[Exercise goal]
Only the lines from the beginning of the data through the one with "HP Probook 470" belong in the answer, each retyped exactly, with pictures left out.

[The data]
------------------------------------------------------------

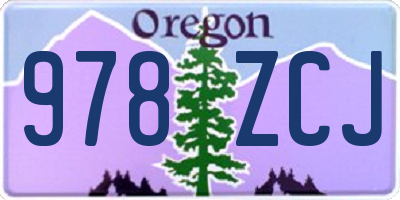 OR license plate 978ZCJ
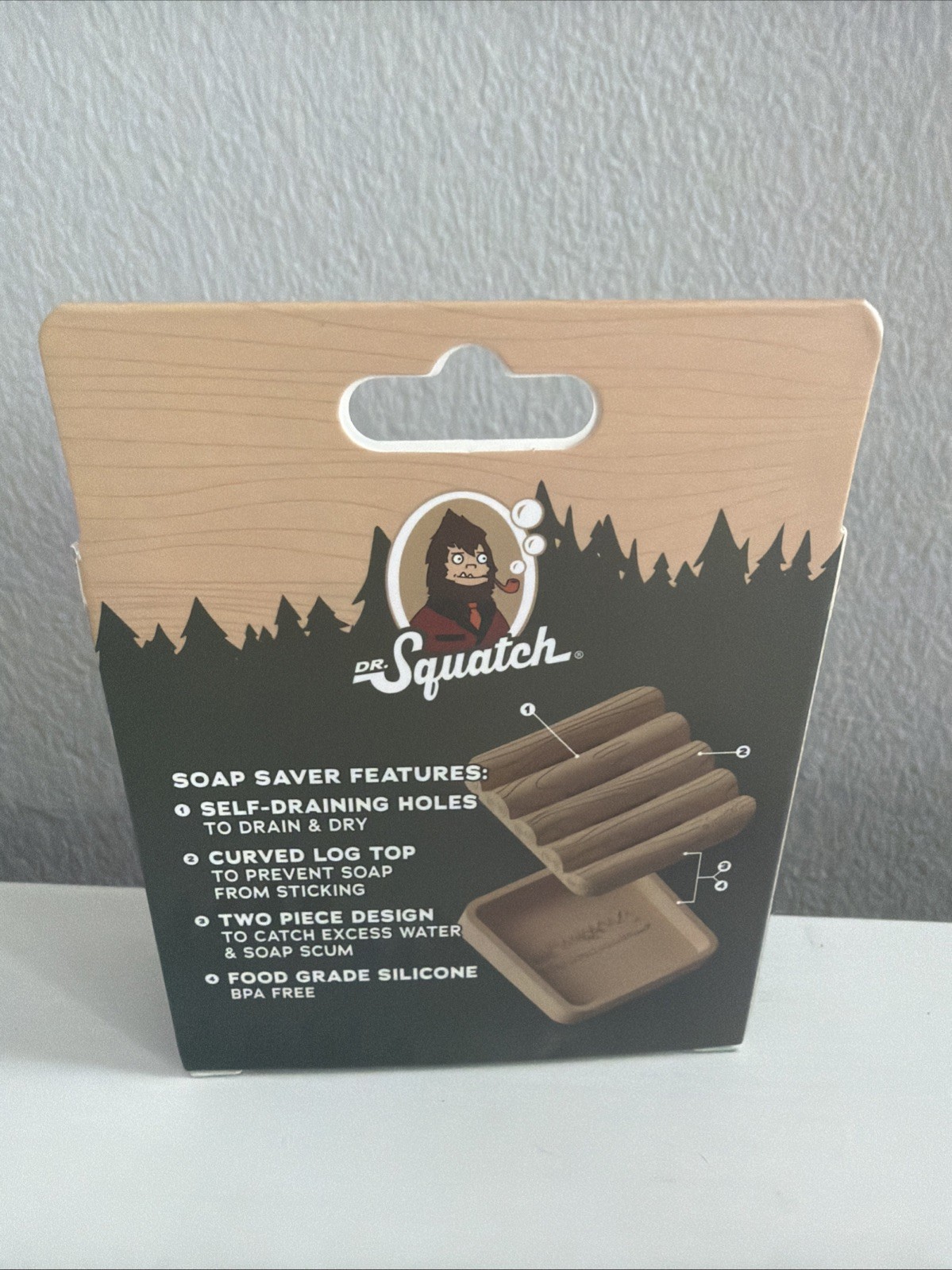 Dr Squatch Soap Saver , NEW, Bpa Free, Two Piece Tray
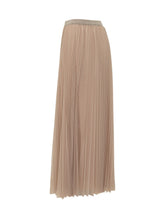 FABIANA FILIPPI - Gonna Lunga Plissettata con Vita Elasticizzata - Rosa - LIDIASHOPPING® - Official Website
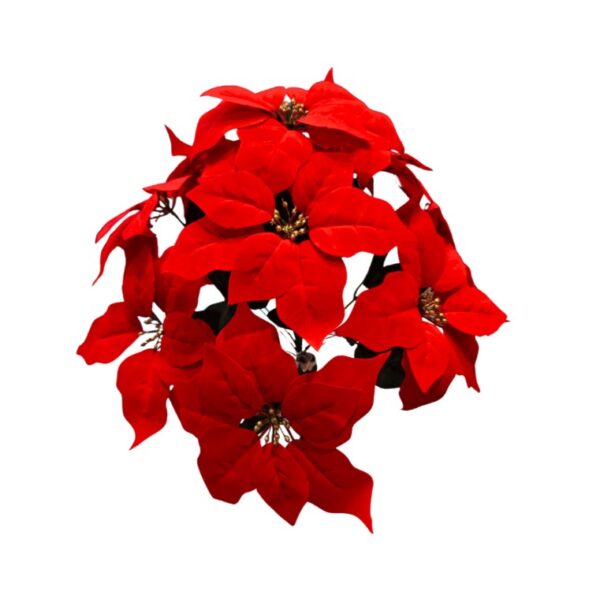 RAMO DE 12 FLORES ROJAS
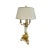 Three-Light Table Lamp in Bronze and White Marble, 1960s For Sale - Image 3 of 6
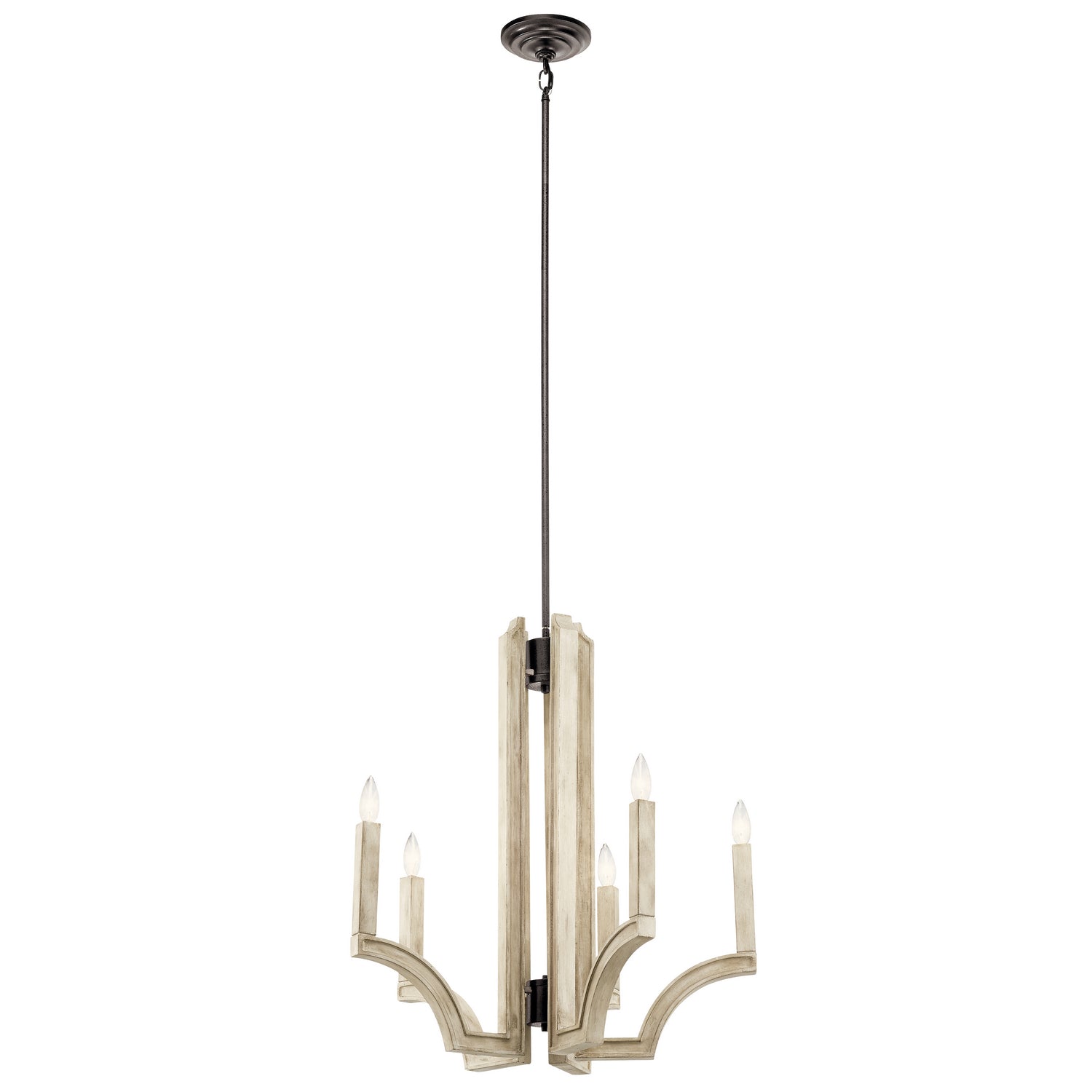 Kichler - 44260AVI - Five Light Chandelier - Botanica - Anvil Iron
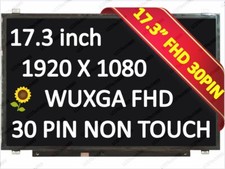 HP Probook 470 G3 / G4 / G5 / G7 FHD IPS LCD Screen 30 pin Matte LED Display picture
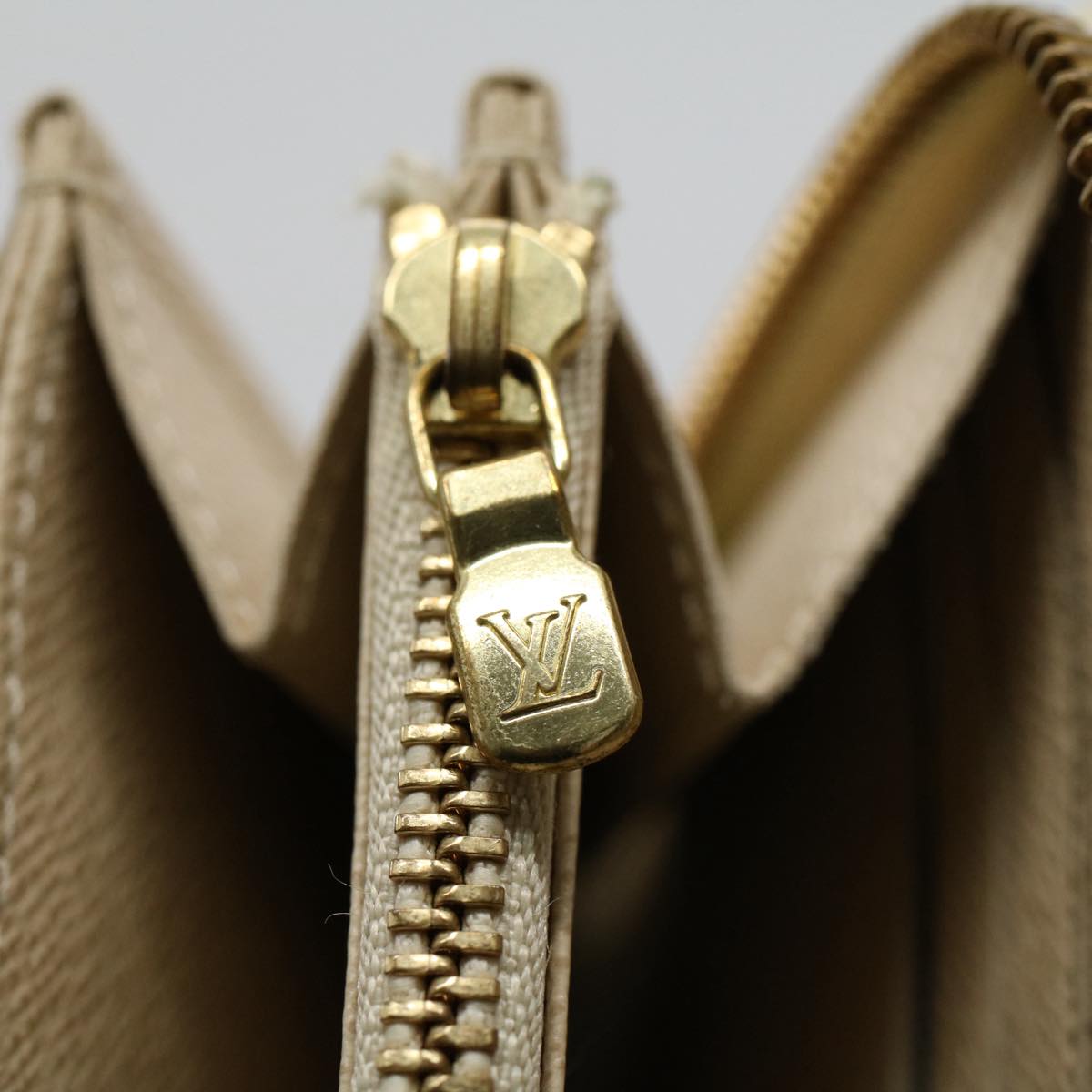 LOUIS VUITTON Damier Azur Zippy Wallet Long Wallet N63503 LV 56718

------------------------------------------------------------

[The completed task]
 OR license plate 978ZCJ
 Dr Squatch Soap Saver , NEW, Bpa Free, Two Piece Tray
 FABIANA FILIPPI - Gonna Lunga Plissettata con Vita Elasticizzata - Rosa - LIDIASHOPPING® - Official Website
 RAMO DE 12 FLORES ROJAS
 Three-Light Table Lamp in Bronze and White Marble, 1960s For Sale - Image 3 of 6
 Kichler - 44260AVI - Five Light Chandelier - Botanica - Anvil Iron
 HP Probook 470 G3 / G4 / G5 / G7 FHD IPS LCD Screen 30 pin Matte LED Display picture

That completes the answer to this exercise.